_EXTRACTED ENTRIES:_
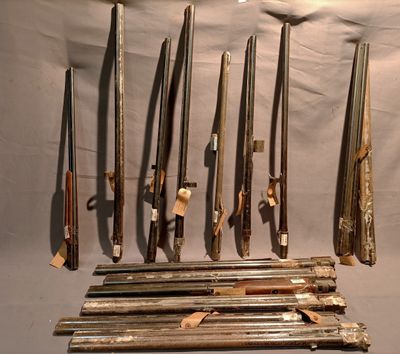 many different types of weapons displayed on the wall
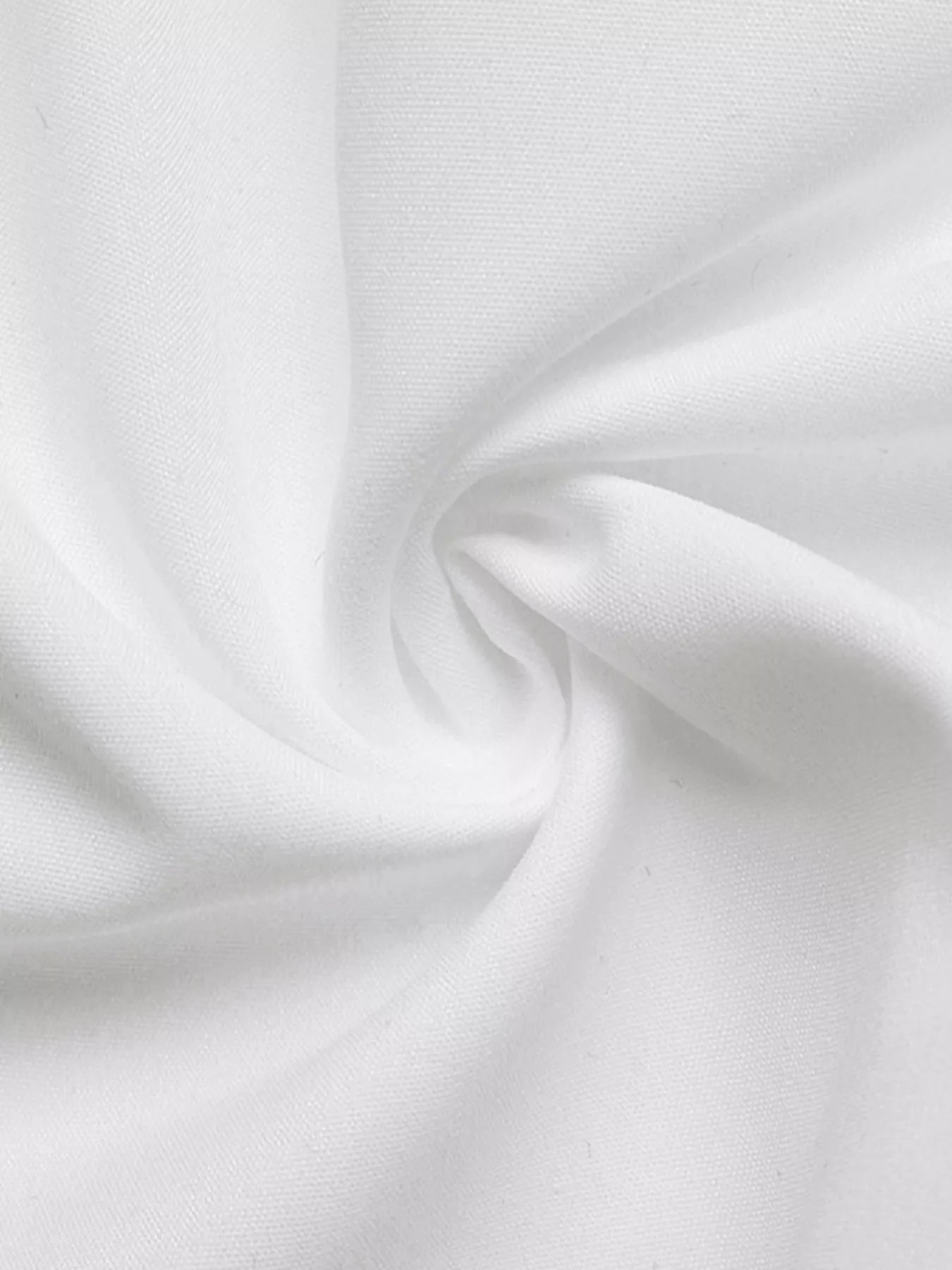 Close-up of white fabric with folds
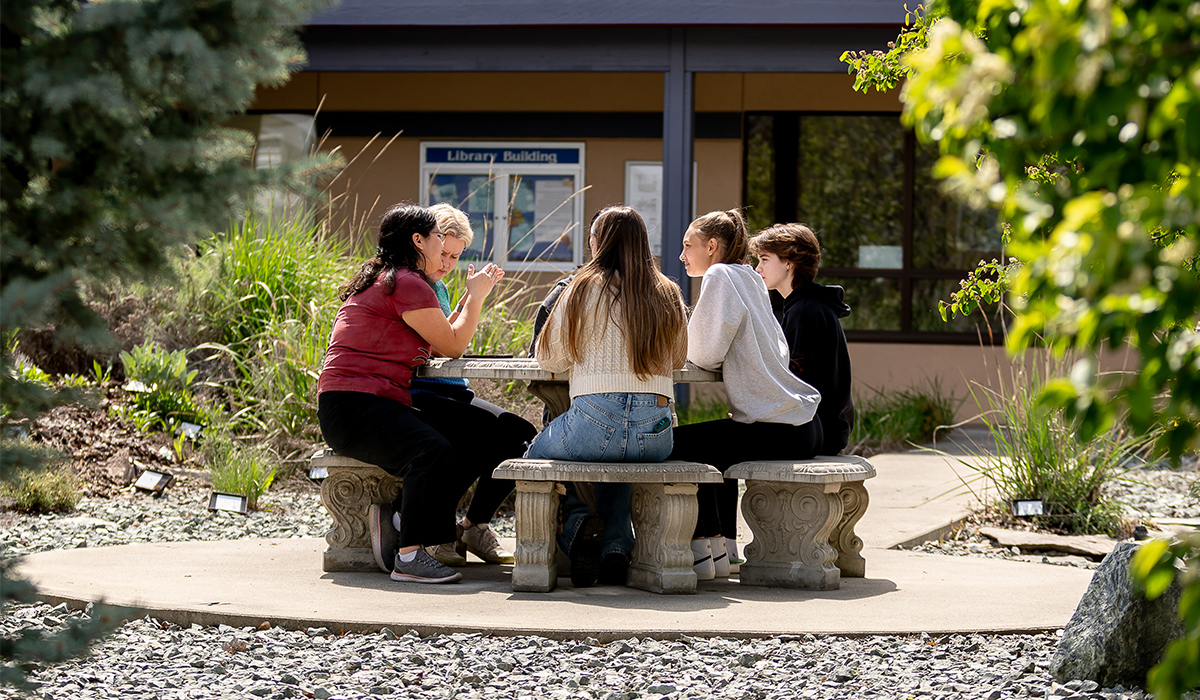 Un grupo de estudiantes está sentado alrededor de una mesa redonda de hormigón en un jardín de plantas autóctonas.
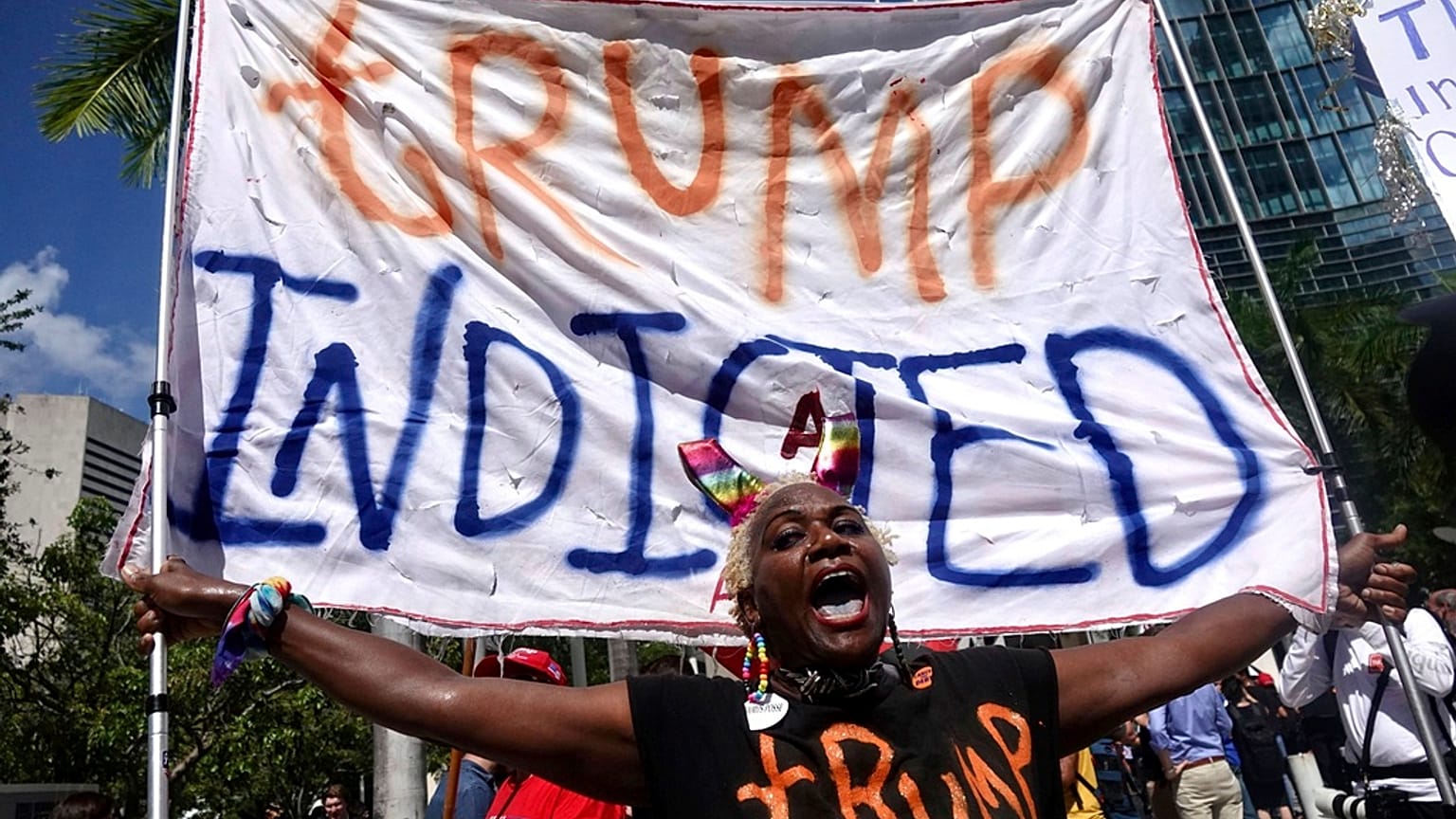 Nadine Seiler holds a banner sign saying "Trump indicted" outside the Wilkie D. Ferguson Jr. U.S. Courthouse on Tuesday, June 13, 2023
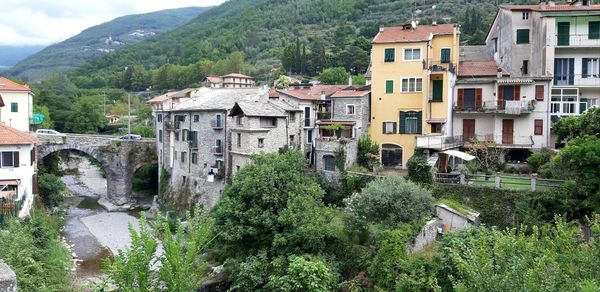 High angle view of houses and buildings in town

_WHAT THIS TASK INVOLVES:_
Images must not appear; print each record precisely as it reads.

_ANSWER TO THIS EXERCISE:_
 many different types of weapons displayed on the wall
 Close-up of white fabric with folds
 Un grupo de estudiantes está sentado alrededor de una mesa redonda de hormigón en un jardín de plantas autóctonas.
 Nadine Seiler holds a banner sign saying "Trump indicted" outside the Wilkie D. Ferguson Jr. U.S. Courthouse on Tuesday, June 13, 2023
 High angle view of houses and buildings in town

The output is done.